## Exercise requirements:
Take each line below that has "Luxury" and copy it.

[Extracted records]

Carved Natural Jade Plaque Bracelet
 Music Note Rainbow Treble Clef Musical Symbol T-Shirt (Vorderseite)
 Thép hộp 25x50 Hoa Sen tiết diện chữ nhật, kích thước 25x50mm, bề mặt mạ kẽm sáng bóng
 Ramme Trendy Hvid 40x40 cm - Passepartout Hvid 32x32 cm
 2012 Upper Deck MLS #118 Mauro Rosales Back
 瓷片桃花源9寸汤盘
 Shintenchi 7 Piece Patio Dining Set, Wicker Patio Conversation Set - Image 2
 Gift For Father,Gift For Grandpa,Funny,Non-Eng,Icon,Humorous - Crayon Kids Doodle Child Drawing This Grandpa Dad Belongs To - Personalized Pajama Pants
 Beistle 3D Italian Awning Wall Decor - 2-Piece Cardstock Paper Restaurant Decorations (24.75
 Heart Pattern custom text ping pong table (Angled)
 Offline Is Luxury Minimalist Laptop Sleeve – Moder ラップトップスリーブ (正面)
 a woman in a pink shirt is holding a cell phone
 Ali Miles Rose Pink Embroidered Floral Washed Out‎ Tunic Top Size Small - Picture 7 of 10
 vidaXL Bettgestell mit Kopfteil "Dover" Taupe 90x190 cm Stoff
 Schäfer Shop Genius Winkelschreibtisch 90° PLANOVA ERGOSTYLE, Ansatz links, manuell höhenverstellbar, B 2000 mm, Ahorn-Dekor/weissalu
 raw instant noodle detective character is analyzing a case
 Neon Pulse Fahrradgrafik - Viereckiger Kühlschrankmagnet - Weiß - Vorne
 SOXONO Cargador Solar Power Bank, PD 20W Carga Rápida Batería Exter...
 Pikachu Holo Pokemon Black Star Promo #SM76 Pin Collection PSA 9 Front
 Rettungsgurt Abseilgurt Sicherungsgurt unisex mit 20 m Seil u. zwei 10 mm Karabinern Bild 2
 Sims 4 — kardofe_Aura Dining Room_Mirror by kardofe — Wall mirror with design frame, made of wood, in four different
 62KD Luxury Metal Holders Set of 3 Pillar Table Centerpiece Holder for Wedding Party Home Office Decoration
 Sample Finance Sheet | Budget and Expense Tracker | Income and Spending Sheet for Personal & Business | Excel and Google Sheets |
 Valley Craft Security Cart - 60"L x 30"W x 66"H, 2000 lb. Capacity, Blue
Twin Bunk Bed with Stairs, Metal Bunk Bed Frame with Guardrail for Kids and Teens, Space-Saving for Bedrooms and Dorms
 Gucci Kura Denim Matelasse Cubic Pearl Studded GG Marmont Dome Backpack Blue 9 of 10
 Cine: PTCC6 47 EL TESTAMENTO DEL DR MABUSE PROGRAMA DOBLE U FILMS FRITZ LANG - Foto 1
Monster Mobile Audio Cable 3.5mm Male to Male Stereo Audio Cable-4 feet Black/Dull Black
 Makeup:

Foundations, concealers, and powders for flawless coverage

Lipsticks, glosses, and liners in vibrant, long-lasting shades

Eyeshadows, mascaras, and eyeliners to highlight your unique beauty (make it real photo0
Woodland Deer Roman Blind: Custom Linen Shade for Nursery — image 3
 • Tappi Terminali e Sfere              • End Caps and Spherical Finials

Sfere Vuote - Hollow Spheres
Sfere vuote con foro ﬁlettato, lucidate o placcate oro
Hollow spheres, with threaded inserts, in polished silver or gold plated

## Result of the task:
 Offline Is Luxury Minimalist Laptop Sleeve – Moder ラップトップスリーブ (正面)
 62KD Luxury Metal Holders Set of 3 Pillar Table Centerpiece Holder for Wedding Party Home Office Decoration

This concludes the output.